Di Sarrey escribía y escribía, con la disciplina y la meditación que le
caracterizaban. Su templado espíritu sabía muy bien que solo el trabajo y la
dedicación total le permitirían sentirse pleno en la escritura. De todos los
escritores que albergaba la gran casona que compartían colectivamente era, por
lejos, el más ordenado en su espacio de trabajo y en los turnos que se tomaba
para escribir.
Sabido era por el resto que cuando se ponía a sacarle sonidos a la
máquina de escribir no había método eficaz de detenerlo. Imposible contar con
él para las labores de cocina o de aseo de la casona. Impensable pedirle que
fuera al pueblo a comprar. Eran, por unánime, pérdidas de tiempo más que otra
cosa. Así lo entendían quienes le rodeaban.

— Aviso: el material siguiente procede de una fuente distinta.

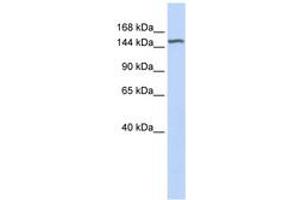 Image no. 1 for anti-Diacylglycerol Kinase, eta (DGKH) (AA 648-697) antibody (ABIN6743389) (DGKH anticorps  (AA 648-697))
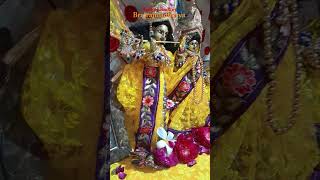 Vrindavan ke banke bihari shortsfeed tranding viralvideo viralshorts [upl. by Ettelohcin]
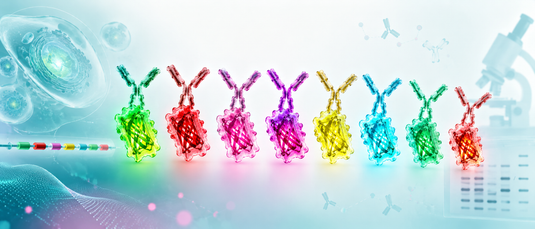 Goat polyclonal antibodies for fluorescent protein tag detection including GFP, RFP and mCherry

Funcionaba su mente de una forma muy ajena al proceder que sus colegas
tenían. Clasificaba, ordenaba, analizaba y hacía empalmes en los temas que al
resto de sus compañeros de oficio les resultaban imposibles. Sabía
perfectamente que palabra había puesto en cada línea de sus obras, ni hablar de
que las refiriése de memoria, era un experto en tales materias. Podía narrar
completa y sin equivocación una eterna historia de Carlomagno que había
escrito en romancero.
Esto tenía costos, como todo en la vida; que le distanciaban de la
realidad. Se sumergía en sus escritos, en su máquina de escribir y su mundo.
Jamás soltó alguna palabra sobre la obra de otro poeta, pues salvo quienes
vivían bajo el mismo techo que él, no conocía a ninguno. Mucho menos los leía o
le interesaba hacer algo que no fuese crear por sí mismo.
Su carácter era muy fácil de llevar. Dócil en grado sumo, nunca llevó la contra a quien pensara distinto a él, nunca se le vio enojado o agresivo contra
nada ni nadie.
No era apático, no le faltaba empatía. Pero sin darse cuenta se
distanciaba gradualmente. Así era Juan.
Solo escribía y escribía y escribía y escribía…
Solo cumplía con su lema: “Ante todo disciplina”.